The Paris Climate Agreement, which was ratified by 189 countries across the world, aims to limit the global warming increase below 1.5°C and tackle climate change.
As one of the biggest emitters in the world, the US with Trump's decision delivered the notification to exit the agreement on Nov. 4, 2019.
A critic of the decision, Helen Mountford, vice president for Climate and Economics at World Resources Institute said in a statement that, "the decision to leave the Paris Agreement was wrong when it was announced and is still wrong today. The climate crisis is a threat to America’s prosperity and wellbeing, and most Americans want the government to pursue the goals outlined in the agreement."
She urged the US to remain with the other 189 parties to the agreement and not go it alone.
"The United States should be at the forefront of global efforts to stave off the climate crisis," Mountford said.
The withdrawal from the agreement officially came one day after the US election in which Republican Donald Trump and Democrat Joe Biden are running for the presidency.
Should the new US administration send a request to the United Nations to re-enter the Paris accord, the country could again be a party to it after 30 days.
Michael Bloomberg, co-chair of America's Pledge, an initiative of actors to fight against climate change said progress was made over the past four years despite the White House’s efforts to drag the country backward.

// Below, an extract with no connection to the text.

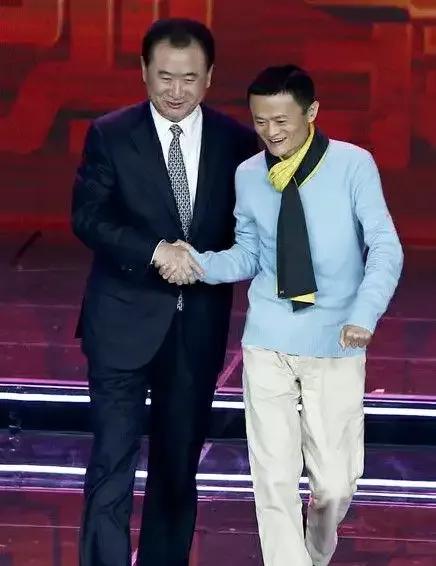 王健林当年在一次大会上发言说，“这个总有人说我和马云抢首富，你说我们俩怎么抢呢？
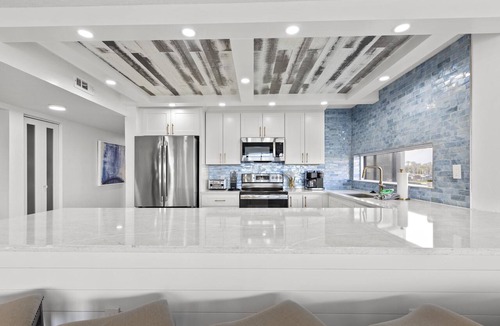 Butler Beach Condo | *Newly Remodeled 3/2 Oceanfront ~ 3 King Beds!*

"The public understands that fighting climate change goes hand in hand with protecting our health and growing our economy," he said.
“Today, the Trump Administration officially left the Paris Climate Agreement. And in exactly 77 days, a Biden Administration will rejoin it," Biden wrote in his Twitter account amid the ongoing counting of votes.
"By exiting the agreement, the current administration has abdicated its responsibility to work with the rest of the world to tackle the climate crisis," according to We Are Still In, a platform for a joint declaration of support for climate action signed by more than 3,900 participants.
The joint declaration of We Are Still In platform affirmed that how soon the US rejoins would depend on the outcome of the presidential election but regardless of who will be in the White House, the platform intends to accelerate local climate action in 2021 and into the next decade.
"No matter the results of yesterday’s presidential election, non-federal actors are ready to continue their now-unstoppable pursuit of a clean, just and restorative economy that would allow us to reach our global climate goals. The action of these local leaders could reduce US emissions up to 37% compared to 2005 levels by 2030," the declaration read.
Dec. 12 marks the fifth anniversary of the adoption of the Paris Agreement.